The pension issue is not a fight Davis is giving up, even if she's not exactly sure whom she's fighting. "That's the truth. You better believe that."
It's a Dirty Job...
Disgruntled workers can be found in every office, department, and place of employment. There will be those who are happy to be employed and will do what is asked without hesitation. Then there are those who find fault with even the smallest things. Some arguments have merit; some are just good old-fashioned griping.

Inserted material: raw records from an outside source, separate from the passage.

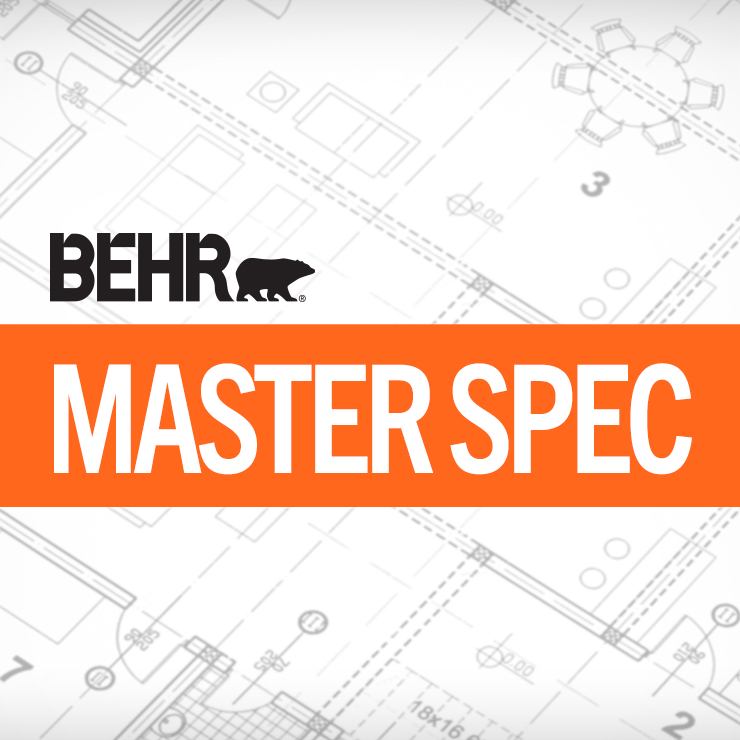 An image with the words BEHR MASTER SPEC with an image of a blueprint in the background.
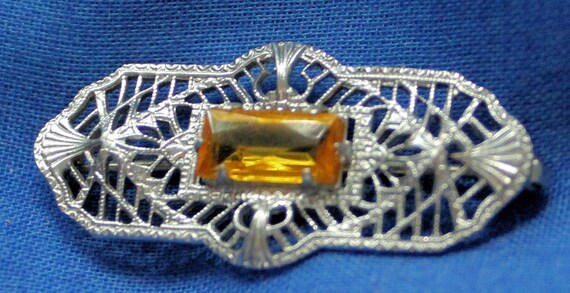 Edwardian Silver Filagree Brooch/Pin With Citrine… - image 2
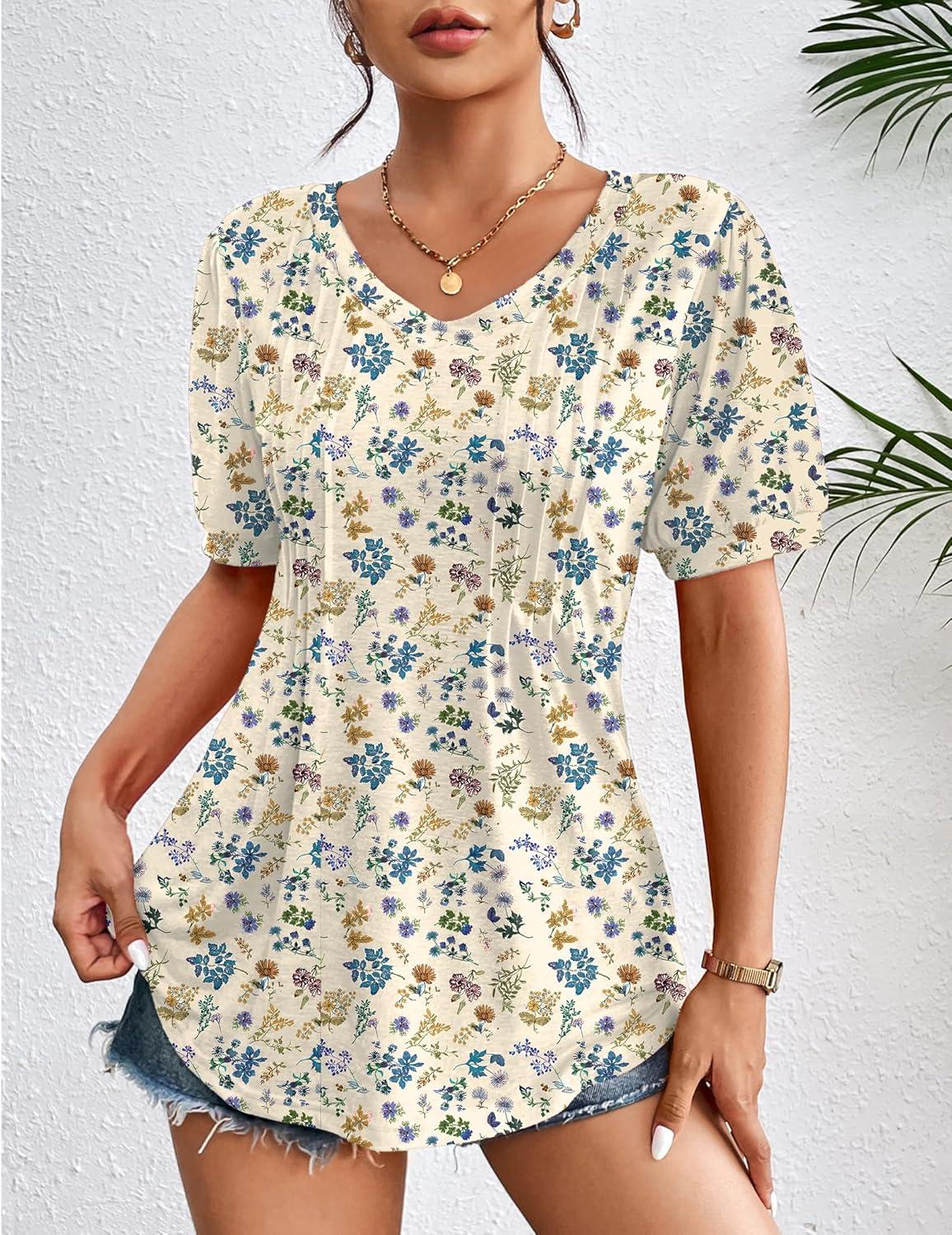 imageZeagoo Womens Puff Short Sleeve Boho Shirts Casual V Neck Floral Solid Summer Blouse Pleated Tunic TopXh51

There is nothing glamorous about the sanitation industry. For an organization whose mission is to help keep the city clean, at the end of the day, those who do so end their day filthy. Rotten food, dirty diapers, discarded cleaning materials — all must be handled and disposed of with regularity to maintain a healthy living environment and prevent an outbreak of disease. There is honor in all work, and those who choose to be the custodians for the citizens of Memphis certainly earn every dime of their paychecks. No one is going to get rich as a sanitation worker, but thanks to the changes and advances in the workers' benefits over the last four decades, no one will starve anymore either.
Mayor Henry Loeb famously declared during the 1968 strike, "Garbage is going to be picked up! Bet on it!" Forty-one years later, the garbage will still get picked up, even in the rain. Even in the wind. Still without a pension, but not giving up the fight.